_Source material_
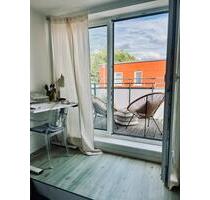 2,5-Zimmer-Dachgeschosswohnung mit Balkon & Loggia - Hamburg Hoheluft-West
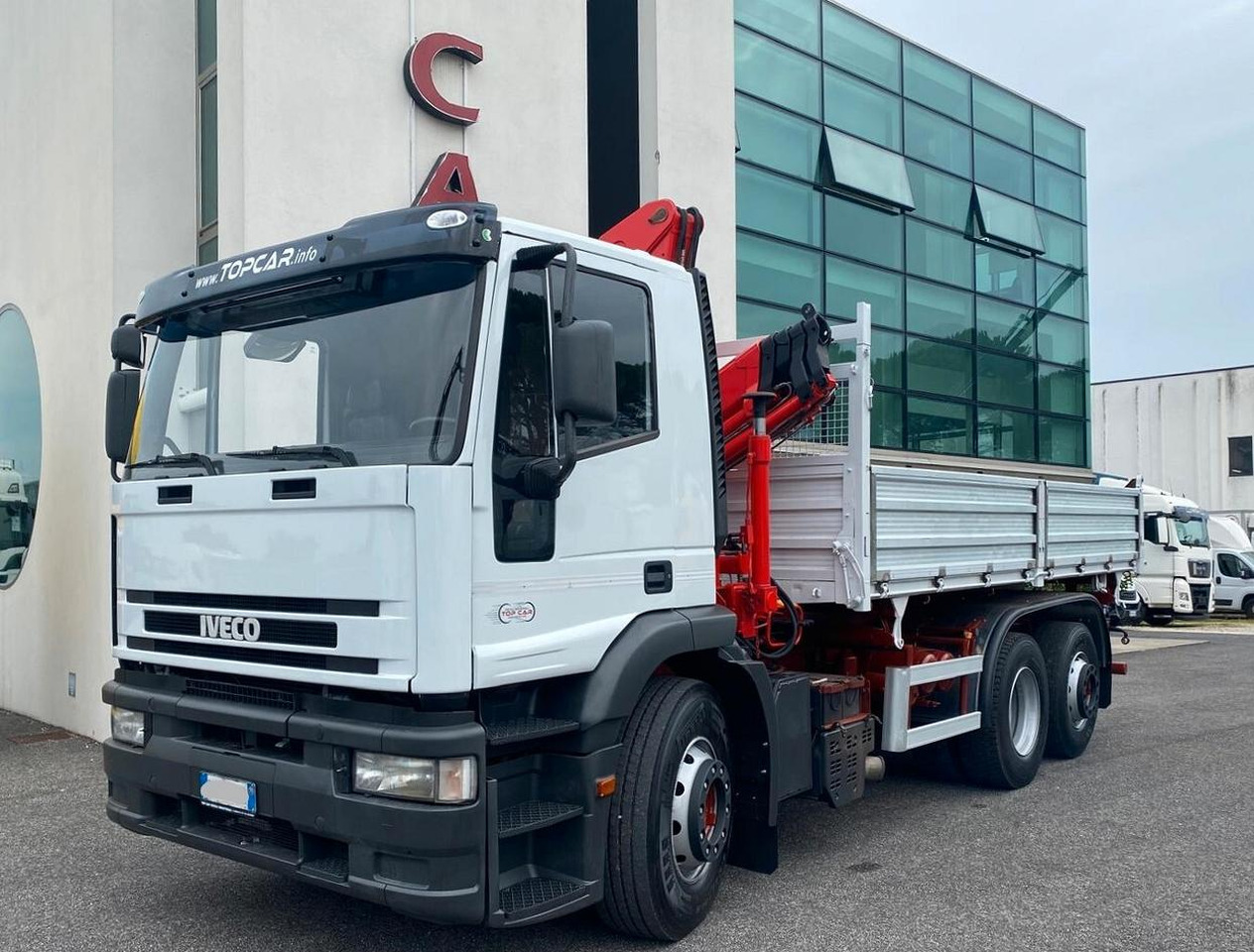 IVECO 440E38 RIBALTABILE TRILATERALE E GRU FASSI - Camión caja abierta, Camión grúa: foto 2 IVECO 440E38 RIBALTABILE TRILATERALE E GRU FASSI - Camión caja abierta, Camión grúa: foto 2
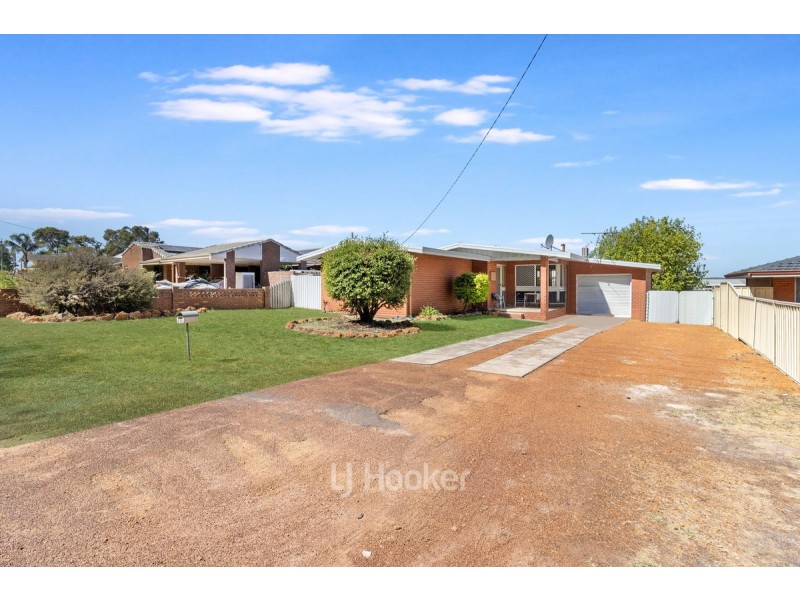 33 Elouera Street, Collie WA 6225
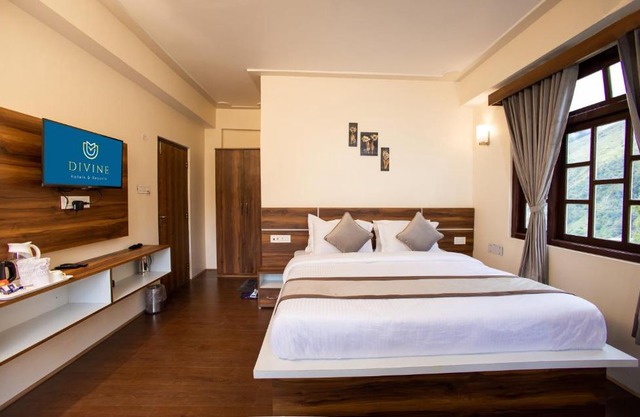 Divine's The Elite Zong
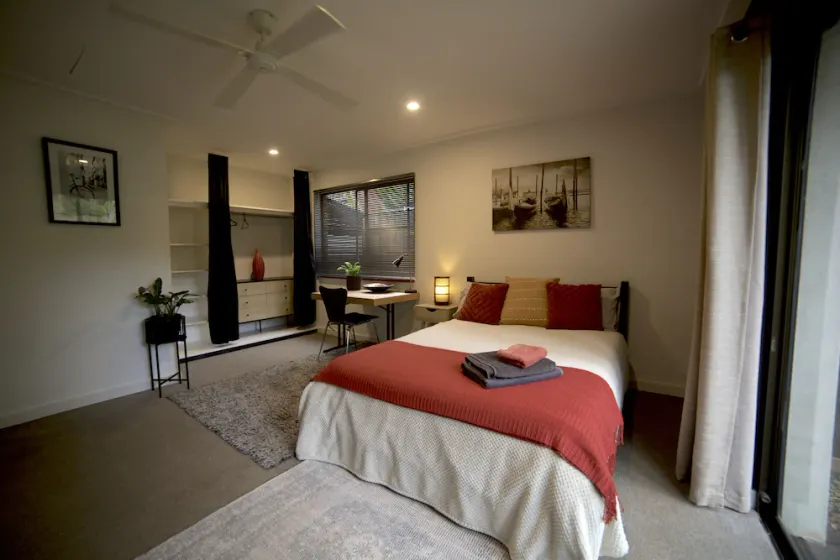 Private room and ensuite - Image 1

...

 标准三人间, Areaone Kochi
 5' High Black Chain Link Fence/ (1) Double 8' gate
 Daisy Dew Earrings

_The task_
Word for word, write out the lines above running from the one with "33 Elouera Street, Collie WA 6225" up to and including the one with "Private room and ensuite - Image 1". Drop any picture.

_Exercise result_
 33 Elouera Street, Collie WA 6225
 Divine's The Elite Zong
 Private room and ensuite - Image 1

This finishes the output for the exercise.